Le travail exposé dans ce livre est issu d’une série d’études sur l’histoire romaine sous les empereurs, en interrogeant les souvenirs attachés aux lieux et aux monuments.
Où l’histoire s’arrête, la légende commence. Pour les hommes du moyen-âge, Néron, exécrable tyran et premier persécuteur des chrétiens, se confondait avec l’antéchrist. Encore aujourd’hui sa mémoire demeure odieuse, et beaucoup de ruines dans l’état romain passent pour des débris de villes détruites par Néron. Au moyen-âge, on croyait que son fantôme errait sur le Pincio, sur cette aimable colline qui est aujourd’hui le rendez-vous des promeneurs...

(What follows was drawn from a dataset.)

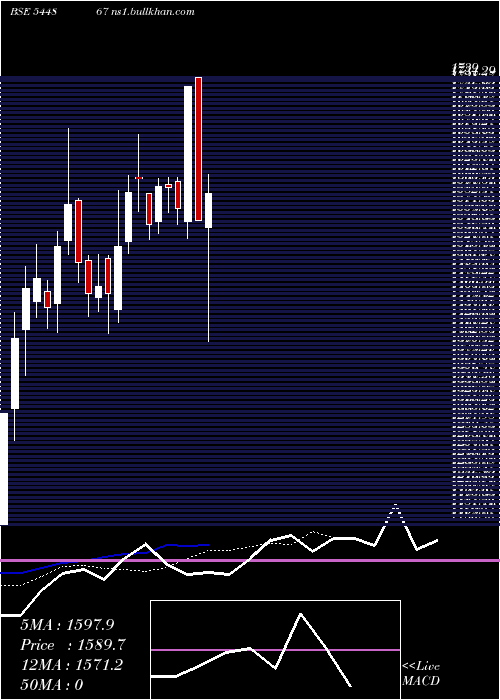 Daily chart DhootTransmission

L’empire étant plus récent que la république, il y a plus de chances pour que les ruines qu’il a laissées subsistent encore, et puis ses œuvres furent matériellement plus grandes. Ce n’est pas à dire qu’elles soient aussi respectables. Une pierre du Tabularium, où l’on gardait les décrets et les traités d’un peuple libre, le tombeau de Bibulus, un obscur édile à qui ce tombeau fut élevé, dit l’épitaphe, à cause de sa vertu, me touchent plus que les débris de la maison dorée de Néron ou des thermes gigantesques de Caracalla ; mais, il faut le reconnaître, ces débris sont immenses. Au despotisme appartient le colossal. C’est lui qui élève la tour de Babylone et les pyramides d’Égypte, car il a beaucoup de bras sans volonté pour servir la sienne.